Task objective:
Could you transcribe exactly the lines from the one containing "Nsm music jukebox - Image 1" through the end of the listing below, both included, but none of the pictures?

Input data:
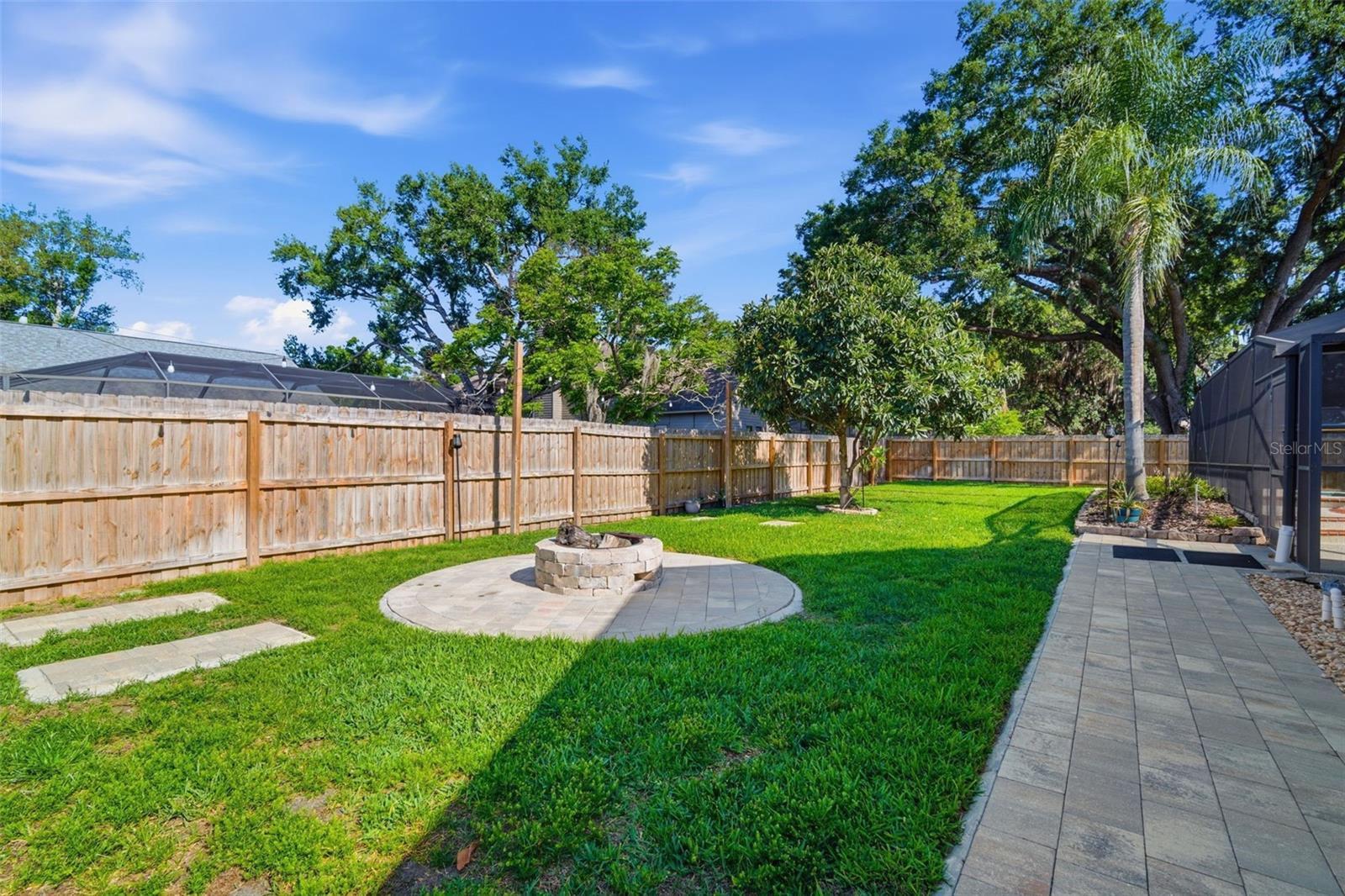 3108 ROLLING ACRES PL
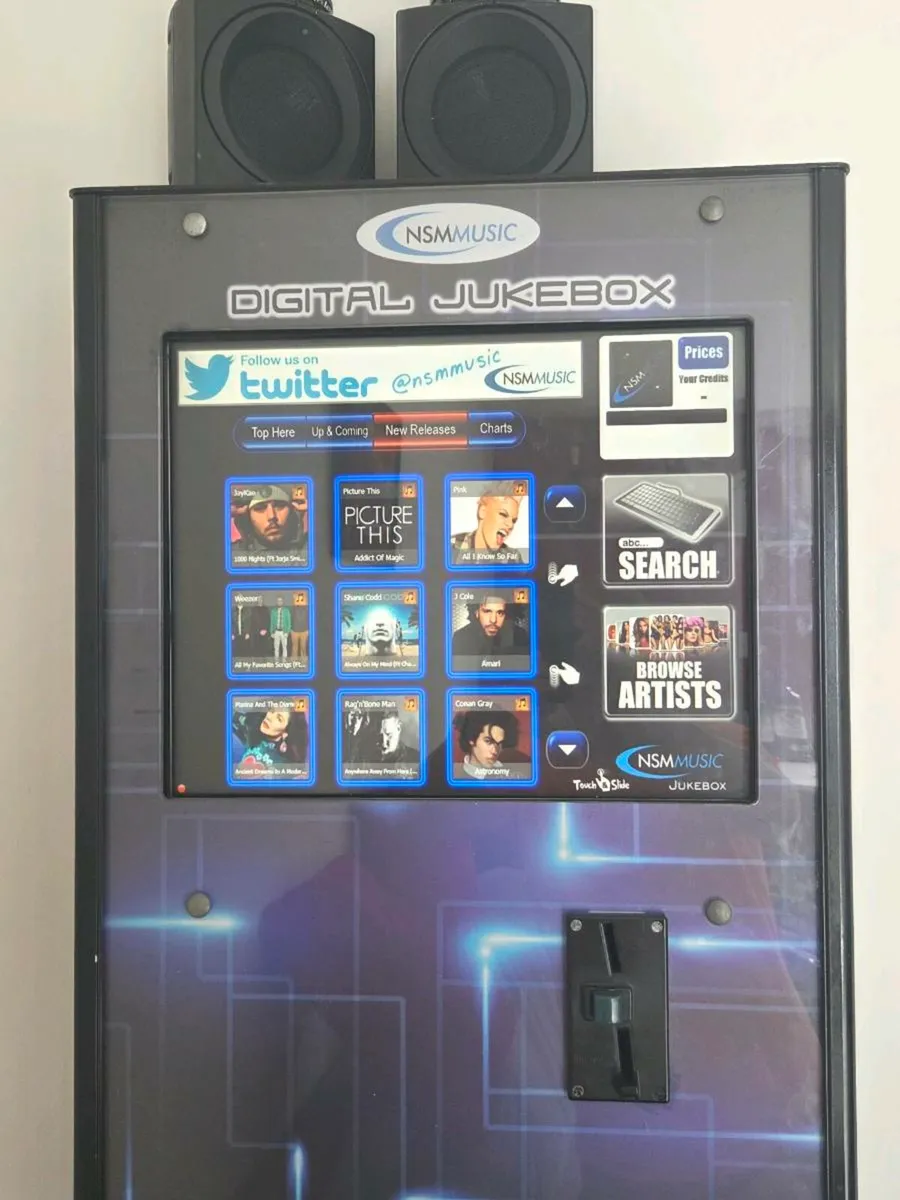 Nsm music jukebox - Image 1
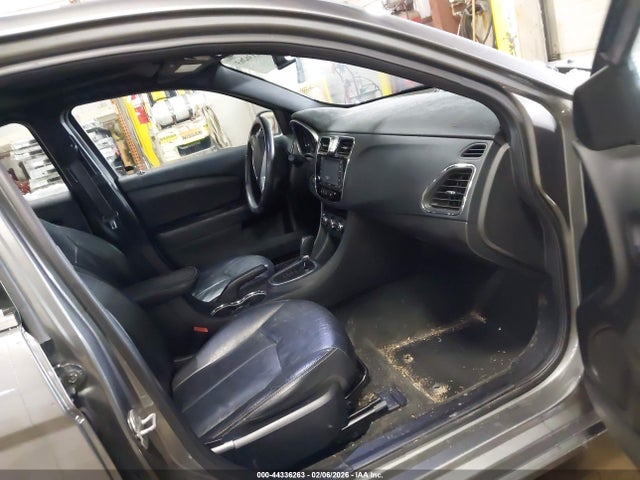 2012 Chrysler 200 Limited მანქანა იყიდება აუქციონზე, vin: 1C3CCBCG9CN246081, აუქციონის ნომერი: 44336263
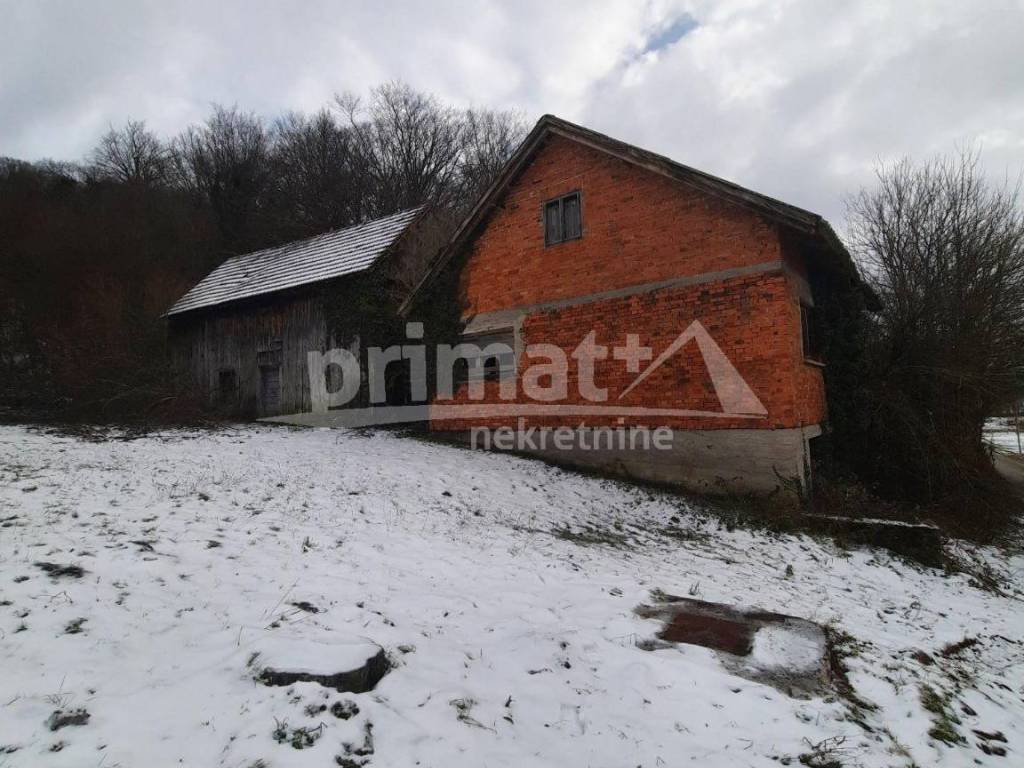 Kuca, Prodaja, Brinje, Stajnica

Solution to this exercise:
 Nsm music jukebox - Image 1
 2012 Chrysler 200 Limited მანქანა იყიდება აუქციონზე, vin: 1C3CCBCG9CN246081, აუქციონის ნომერი: 44336263
 Kuca, Prodaja, Brinje, Stajnica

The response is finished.